As you reproduce every line below, keep it exactly as written and leave out the images.

[[ GIVEN INFORMATION, beginning ]]

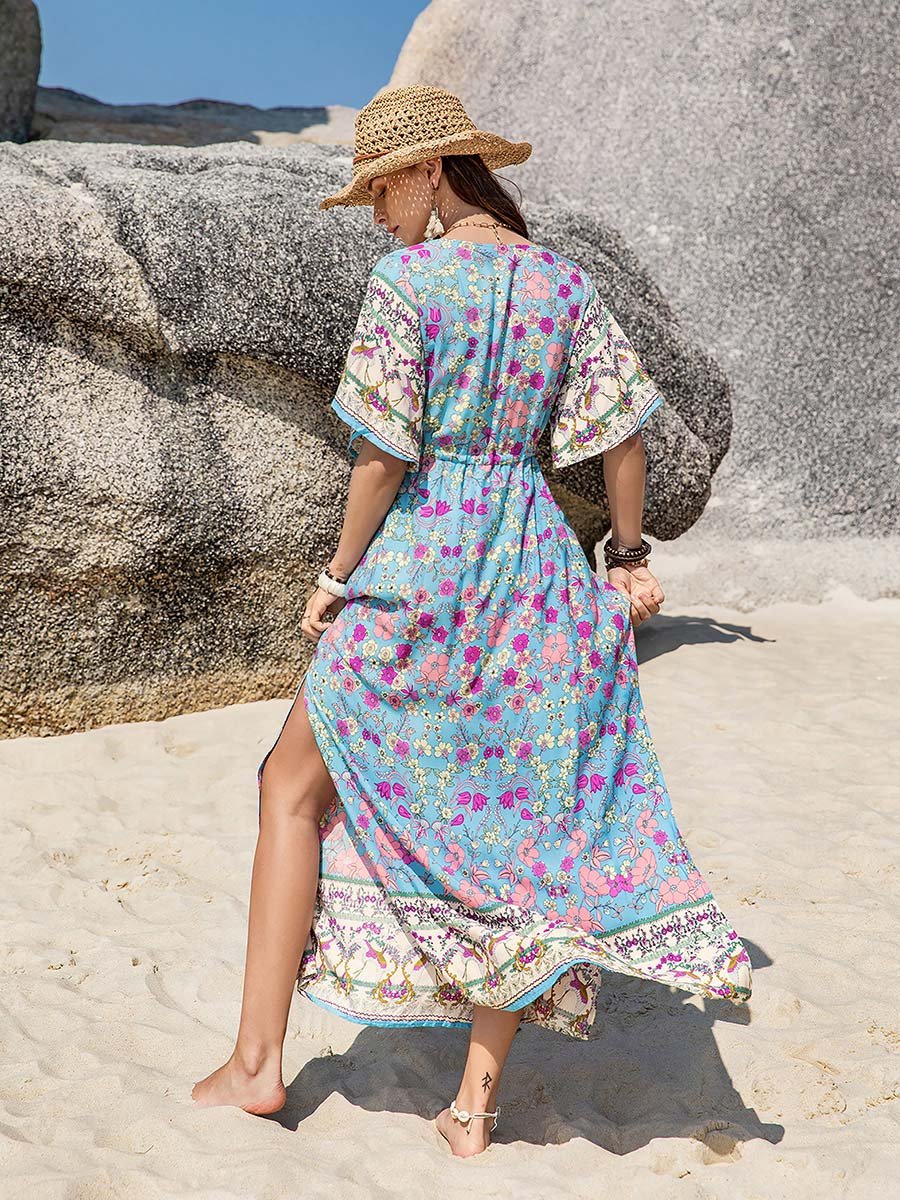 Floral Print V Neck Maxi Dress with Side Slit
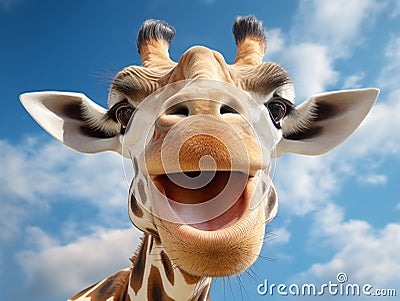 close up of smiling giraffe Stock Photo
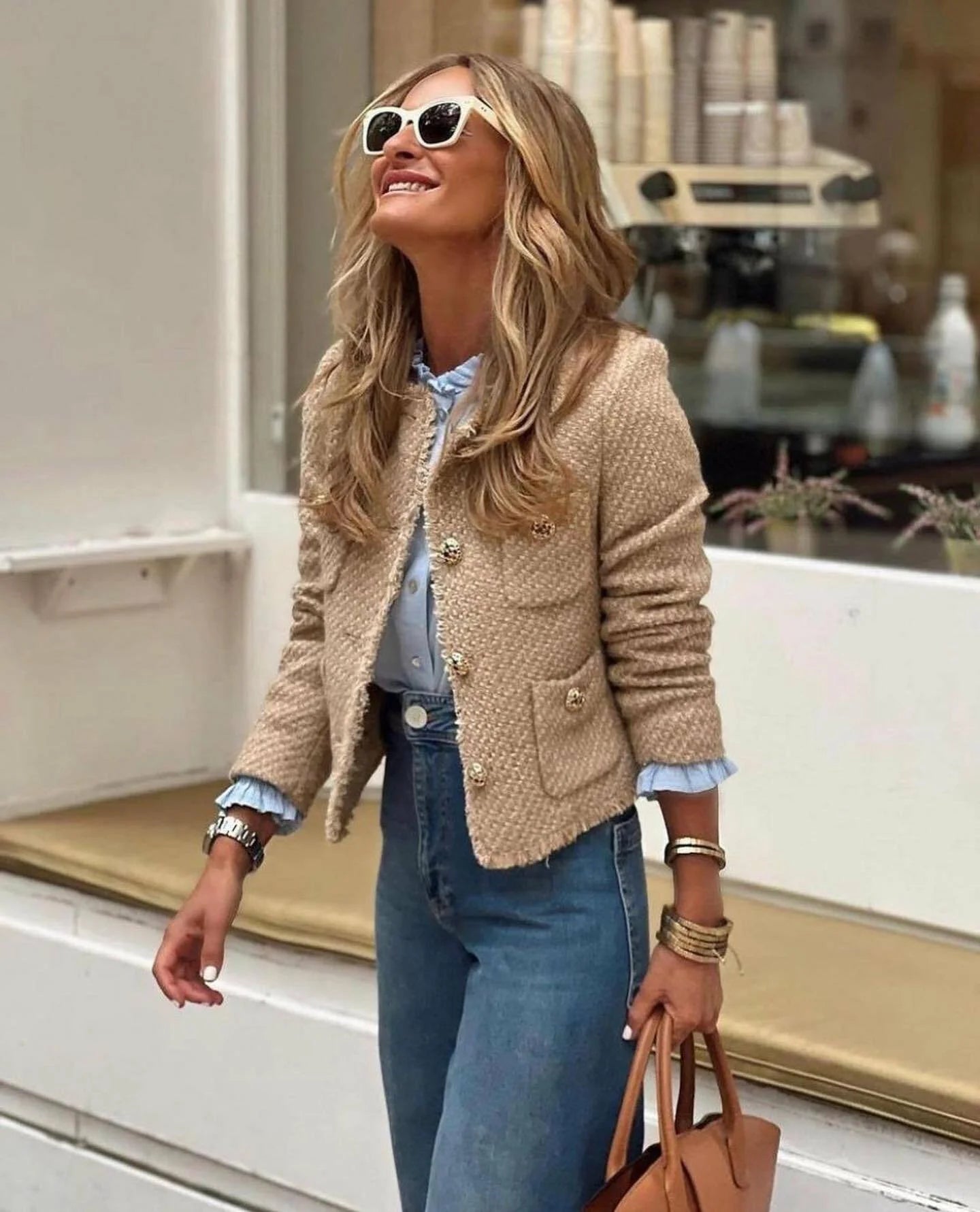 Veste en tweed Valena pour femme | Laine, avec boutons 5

[[ GIVEN INFORMATION, end ]]

ANSWER FOR THIS EXERCISE:
 Floral Print V Neck Maxi Dress with Side Slit
 close up of smiling giraffe Stock Photo
 Veste en tweed Valena pour femme | Laine, avec boutons 5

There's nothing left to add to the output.